Tuesday, June 26, 2007

I figure the first post of my new blog should be something about how I'm going to use my blog to change the world and save mankind. If I can't claim so lofty a goal, it should at least include some kind of vision statement, some reason to exist. Heck, even just a list of potential topics might be nice. I've read a few blogs in my time and everyone seems to have some overarching theme that ties their posts together. My DH has an awesome and intelligent site devoted to security. A friend fills hers with her 1 picture per day goal. A couple of pastors I know fill their with, well, pastor-like topics.

I've had to face the fact that I have no one all-consuming passion that I want to immortalize in a blog. As you can see from my description, my day is typically broken into a hundred different activities where I'm playing a hundred different roles and they all demand my undivided attention. (They don't always get my undivided attention, but I find it's a whole lot safer when I focus during activities like driving the car.) So my blog will probably be a lot like my life and deal with a plethora of topics. I suppose the overarching theme of my blog will have to be life as it appears from the viewpoint of a SAHSM (and if you don't know what that is, please see the description under my blog title).

So why write a blog, you ask? The answer is simply that I like to write. I need an excuse to write. My dream is to be a real, published writer. Of course, I have several published books to my credit, but since I was a technical writer, they were software manuals, and my name doesn't appear in any of them, they don't count. Having a blog gives me a place to practice and hone my skills. It also keeps me accountable to writing and pursuing what it takes to become a published writer. By nature I am a very laid-back, lazy person who is content to handle the crisis of the moment and not spend the time and effort required to pursue anything more. There are many opportunities out there to break into writing professionally and I need to make myself go after them, so my plan is to keep an accounting of the submissions I send off and make sure I'm doing more than waiting for the next easy thing.

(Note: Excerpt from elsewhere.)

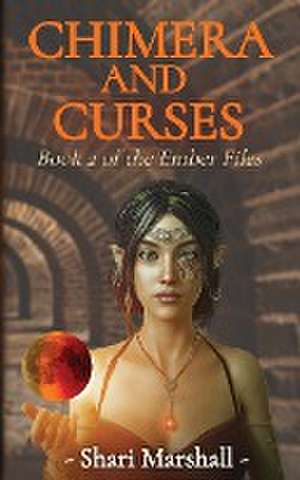 Chimera and Curses de Shari Marshall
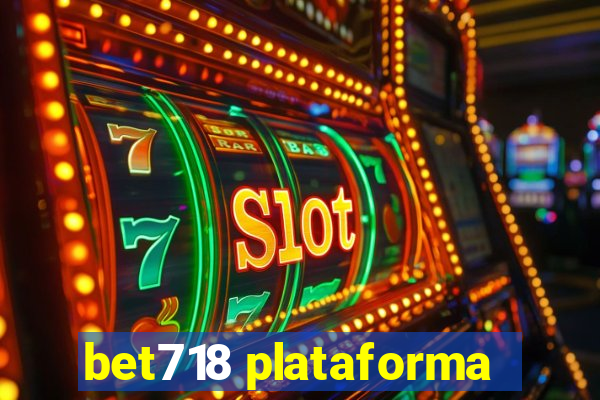 bet718 plataforma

The reason this is all so important to me is that I need to find something outside of my roles as wife and mother. I need something that will keep me from losing myself. Don't get me wrong, I love the life I lead and I couldn't ask for a better husband and kids, but I still feel a restlessness, a need to do something significant. Whether the restlessness comes from Satan to keep me from the contentment I should feel or the restlessness comes from God because I'm not doing all that He wants me to do, that's up for debate. At any rate, I'm anxious to see what is revealed.